With no college football on the slate this weekend, Sunday’s handle was up compared to recent weeks, but the influx of activity only made the pain of losing harder to handle. Big games were the soup du jour at the cyberbookie café, and we lost them all. We managed to stem the tide through a combination of volume, minor wins and basketball games. However, you can not make money by simply mitigating losses. Every once in a while you are going to have to land one big score on a Sunday.
For the second consecutive week, we needed the Monday Night Football game to help balance out the profit and loss statement. All of Oasis’ eyes kept a careful watch on the Philadelphia vs. Miami game. While both sides were winners for us, thanks to a few wiseguys who fired the limit right before kickoff, a Miami win would help break up teasers and push the weekend’s deficit a little closer to the black. The only problem for me was that the game aired directly opposite of HBO’s presentation of “Getting There,” a madcap, romantic teen comedy starring the Olsen Twins. To say that my loyalties were torn was an understatement.

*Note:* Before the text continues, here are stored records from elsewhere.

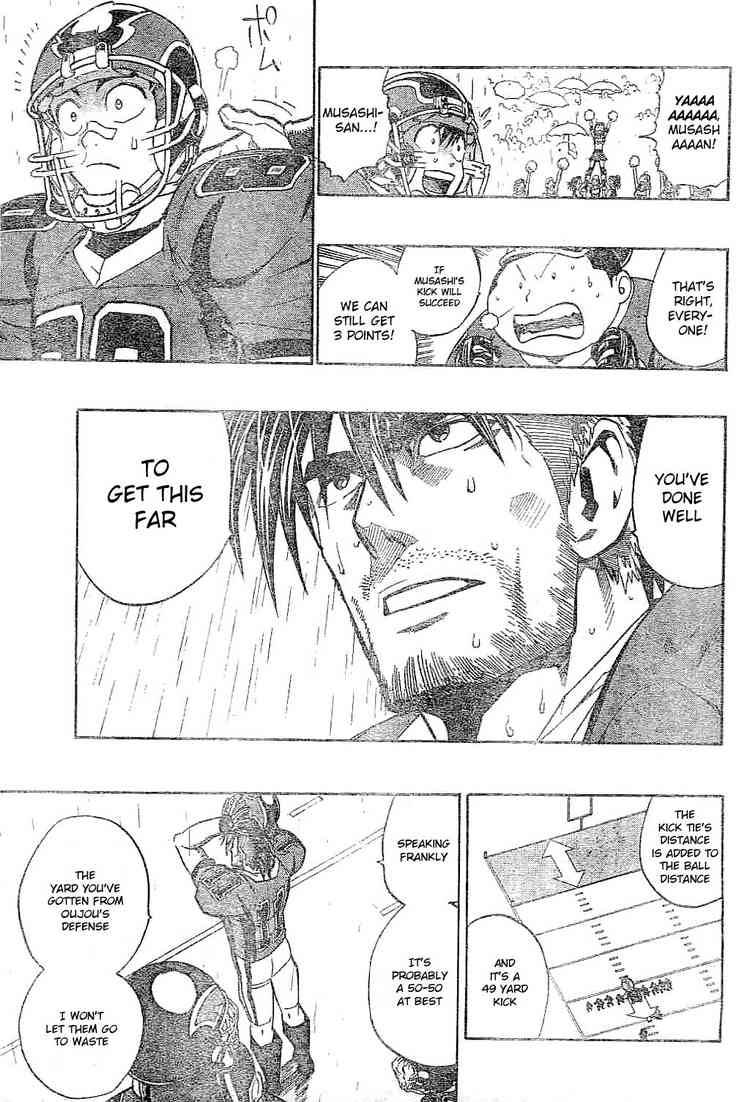 Eyeshield 21 214 3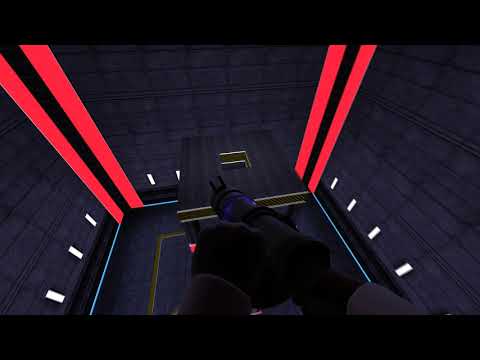 Boshy on rj_training_v3 - 02:27.660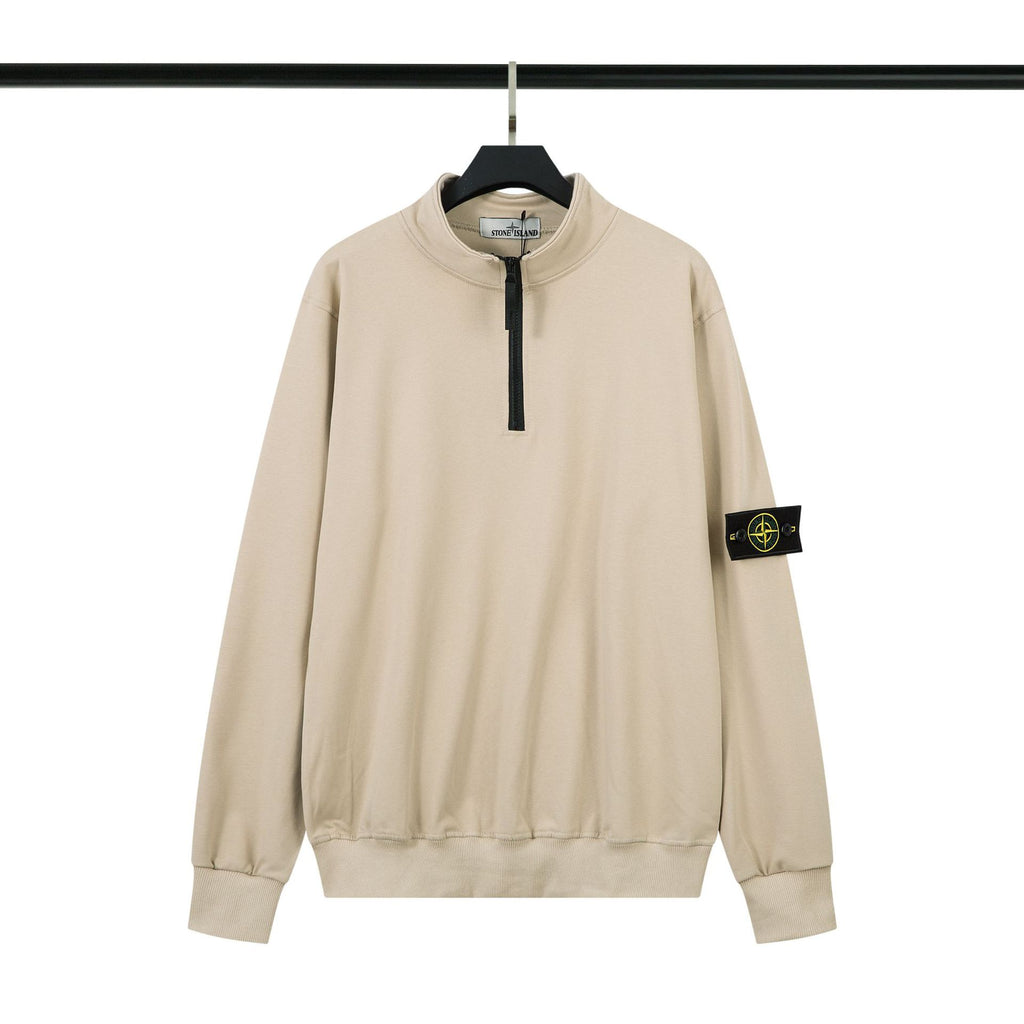 4890181260449,4890181260456,4890181260463,4890181260470,4890181260487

Since my interest in the Miami game was only slightly ahead of my healthy admiration for America’s favorite underage sex symbols, I spent the night rapidly surfing between ABC and HBO, trying to catch every snap without missing a moment of the campy dialogue or situational melodrama. However, my remote-driving skills are nowhere near where they once were. So, instead of having the ultimate television viewing experience, I missed all the major plays, as well as all of the crucial plot developments. Unfortunately for me, I did manage to catch was every Lisa Guerrero’s sideline interview.
When the night was over, I was left with nothing but Vertigo and the following unanswered questions:
Who told Ricky Williams he looks good with that hairdo?
Is the sassy little spitfire Mary-Kate? Or is it Ashley?
Um, exactly who thought Donovan McNabb was overrated?
You are 16? You drive a convertible Mustang? And your parents are going to let you and five friends drive from LA to Salt Lake City to see the Olympics? Non-stop shennanigans ensue involving ski slopes, heated swimming pool and hot tubs, and no one accidentally gets naked?
Can any NFL team be less clutch than the Miami Dolphins?
Exactly when does Dave Wannstadt’s deal with the devil expire?
Are we ever going to win a major decision during the month of December?